Un'ulteriore critica mossa alla tesi dei cicli è quella di Michael Christianen. Egli sostiene [Christianen, 1995] che la ricerca di Peterson e Berger, nonché ricerche successive d’altri autori che utilizzavano un approccio similare, fosse inaffidabile per il tipo di selezione dei dati disponibili. La fonte di dati costituita dai primi 10 singoli più venduti considera solo “la punta dell’iceberg della produzione, riferendosi solo ad una parte molto piccola della musica disponibile per i consumatori” [ibidem, 56]. Questo fa sì che le conclusioni tratte riguardo la diversificazione in rapporto alla concentrazione possano essere valide solo per ciò che riguarda la musica da hit parade.

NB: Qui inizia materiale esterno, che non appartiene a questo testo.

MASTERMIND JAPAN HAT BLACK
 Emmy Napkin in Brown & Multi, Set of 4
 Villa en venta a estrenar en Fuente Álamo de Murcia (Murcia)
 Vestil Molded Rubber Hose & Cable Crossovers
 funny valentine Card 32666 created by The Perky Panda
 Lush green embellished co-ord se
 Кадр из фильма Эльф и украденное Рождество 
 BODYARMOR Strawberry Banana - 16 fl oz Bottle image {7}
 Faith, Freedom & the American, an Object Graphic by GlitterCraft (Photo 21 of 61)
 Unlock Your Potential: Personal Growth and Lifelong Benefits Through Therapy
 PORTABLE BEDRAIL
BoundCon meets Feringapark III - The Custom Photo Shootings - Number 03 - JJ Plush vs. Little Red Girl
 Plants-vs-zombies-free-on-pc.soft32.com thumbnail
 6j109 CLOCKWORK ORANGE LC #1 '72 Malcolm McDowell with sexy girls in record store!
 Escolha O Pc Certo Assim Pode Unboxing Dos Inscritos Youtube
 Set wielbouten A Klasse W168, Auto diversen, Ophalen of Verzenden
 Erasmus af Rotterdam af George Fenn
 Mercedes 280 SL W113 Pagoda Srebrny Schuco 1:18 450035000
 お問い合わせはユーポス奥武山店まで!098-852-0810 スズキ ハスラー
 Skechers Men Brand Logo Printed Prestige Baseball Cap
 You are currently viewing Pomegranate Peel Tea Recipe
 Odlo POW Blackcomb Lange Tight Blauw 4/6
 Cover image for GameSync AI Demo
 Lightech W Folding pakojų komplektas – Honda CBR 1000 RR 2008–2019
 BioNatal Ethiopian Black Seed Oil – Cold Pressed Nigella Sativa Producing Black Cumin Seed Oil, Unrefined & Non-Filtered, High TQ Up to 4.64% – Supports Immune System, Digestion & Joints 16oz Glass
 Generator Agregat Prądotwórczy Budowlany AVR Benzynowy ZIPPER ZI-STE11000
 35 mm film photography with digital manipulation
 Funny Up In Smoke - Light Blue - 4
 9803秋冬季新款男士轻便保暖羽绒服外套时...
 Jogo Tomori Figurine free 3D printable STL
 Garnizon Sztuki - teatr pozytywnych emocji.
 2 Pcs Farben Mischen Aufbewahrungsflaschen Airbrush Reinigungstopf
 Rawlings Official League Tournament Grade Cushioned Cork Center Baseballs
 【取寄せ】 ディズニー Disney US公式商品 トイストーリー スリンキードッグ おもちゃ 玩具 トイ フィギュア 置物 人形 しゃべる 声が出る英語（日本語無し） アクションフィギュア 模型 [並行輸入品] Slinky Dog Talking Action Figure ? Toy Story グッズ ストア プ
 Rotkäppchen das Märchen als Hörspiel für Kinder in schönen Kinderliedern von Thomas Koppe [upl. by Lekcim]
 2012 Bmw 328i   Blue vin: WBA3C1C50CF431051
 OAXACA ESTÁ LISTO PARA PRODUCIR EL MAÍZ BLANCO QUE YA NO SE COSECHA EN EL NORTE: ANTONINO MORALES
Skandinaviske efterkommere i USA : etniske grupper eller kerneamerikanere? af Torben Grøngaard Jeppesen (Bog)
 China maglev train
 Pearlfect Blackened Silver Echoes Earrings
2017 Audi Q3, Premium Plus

Insomma, sostiene Christianen, le ricerche precedenti parlano di aumento o diminuzione della diversità, ma solo per ciò che riguarda i prodotti musicali che hanno raggiunto le vette delle classifiche di vendita, vale a dire che hanno superano ben tre filtri presenti nell’industria musicale, quello delle compagnie che devono accettare la musica, quello dei media che devono dare intensa visibilità, e quello del pubblico che deve comprare i dischi di modo che arrivino nei primi 10 posti in classifica [ibidem]. Christianen propone un altro modello, che ha l’indubbia novità di utilizzare come fonte non le classifiche di vendita, ma l’intera discografica disponibile in commercio in Olanda tra il 1975 e il 1992, per un totale di 180.000 dischi. Le conclusioni di Christianen però non sono dissimili da quelle di Peterson e Berger. Infatti, viene riscontrato per il periodo relativo una relazione inversa tra concentrazione del mercato e diversità e innovazione [ibidem, 91]. Per ciò che riguarda le tendenze dell’ultimo periodo analizzate, Christianen sostiene di constatare un aumento del grado di competizione del mercato insieme ad un aumento di innovazione e diversità musicale [idibem]. Il ricercatore non tralascia di segnalare comunque che la ridefinizione della struttura delle grandi compagnie discografiche “all’interno delle quali vi sono un ampio numero d’unità produttive di lavoro semi-indipendenti e in competizione tra loro” è un fattore che ridefinisce il concetto stesso di concentrazione del mercato [ibidem].  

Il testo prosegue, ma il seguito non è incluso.